Sunday 11 December 2011

Giving everything you've got

Running a marathon is no simple task. I remember running my first marathon a year ago, with a close friend of mine. It was hard, daunting, strenuous. If you're a fit guy, you'd think that running a marathon is simply maintaining a steady pace across 42km. It is quite true, but then again it's not all.

The both of us went into the marathon hardly prepared. The furthest distance I'd run to prepare for the race was probably about 5km or so, not even an eighth of the entire race. Then, the first few kilometres breezed by. It felt so good running past people, just letting our legs fly in the cool morning wind. I felt great.

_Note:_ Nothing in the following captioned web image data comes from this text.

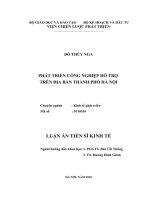 Phát triển công nghiệp hỗ trợ trên địa bàn thành phố hà nội 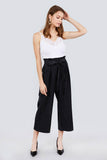Button Down Paperbag Cullote Stripe Pants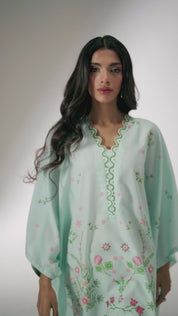MINT BLOSSOM GARDEN KAFTAN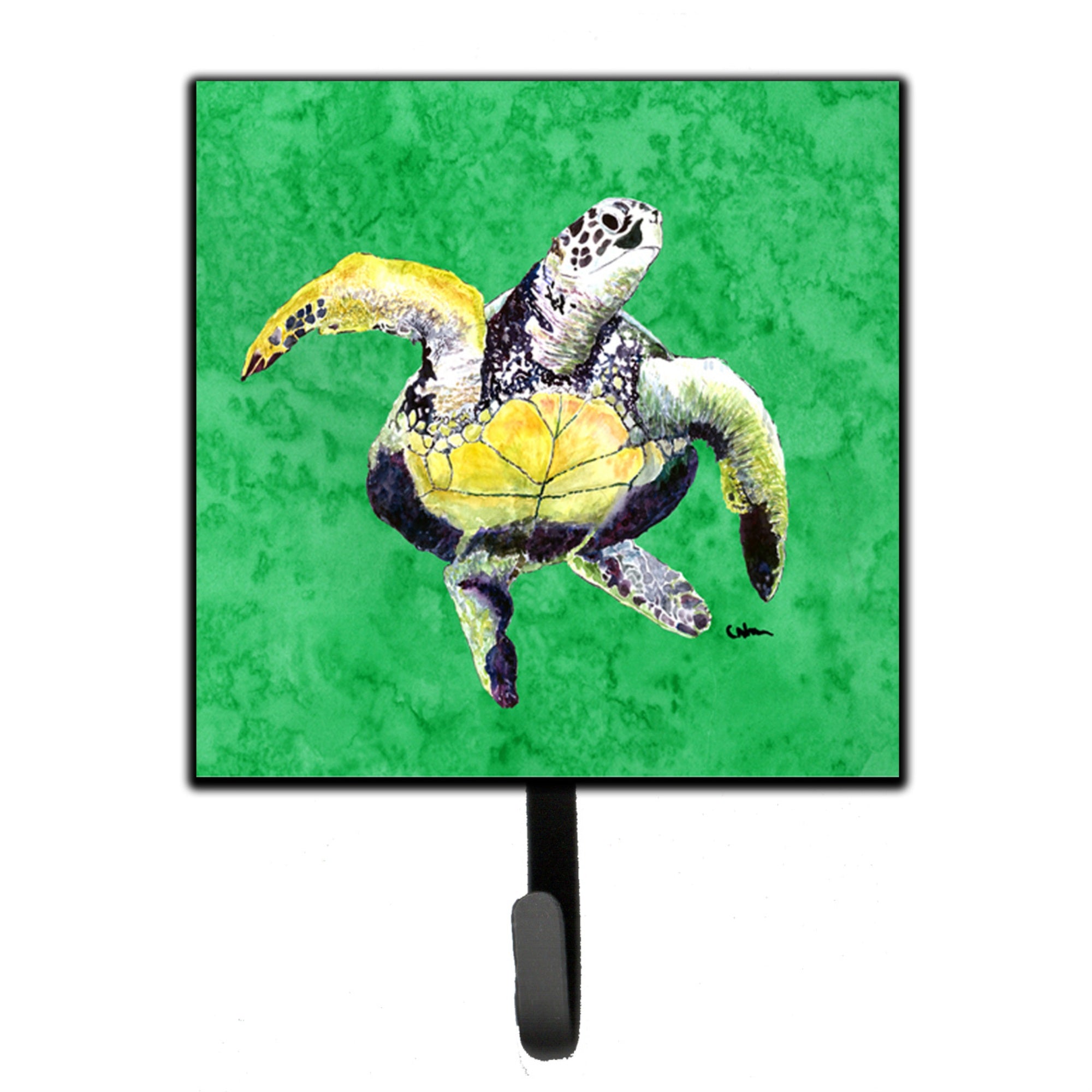 Caroline'S Treasures 8671Sh4 Turtle Leash Holder Or Key Hook, Small, Multicolor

As time passed by, however, aches started kicking in. Practically every part of my body ached at least once—my thighs, my calves, my abs, my shoulders... not my neck muscles though. At some point of time it felt like I couldn't go on. I'm sure I couldn't have went on if I didn't have company. You know, I was relying on this... spirit bond (no reference to DotA's Syllabear) with my friend—if he could make it, I could; if he couldn't, I couldn't.

To me, a marathon is a test of both a person's physical and mental endurance. One year down the road, I'm pretty sure that I can't run a marathon. First of all, my stamina took a dip for the worse (and is still dipping, I guess). And then, I'm also not motivated to run a marathon.

I wouldn't advise anyone to run a marathon if he just wants to do it for the accomplishment—the pride, the sense of achievement, the medal, and the finisher tee. It's because, at the end of the marathon, you actually start questioning yourself: who, really, is impressed by your run? What's changed after fighting so hard? I don't know. For me, it leaves me all dull and gloomy... I'd advise you to run a marathon only if you want to run it, if you have a desire for it, be it for friends, or... yourself.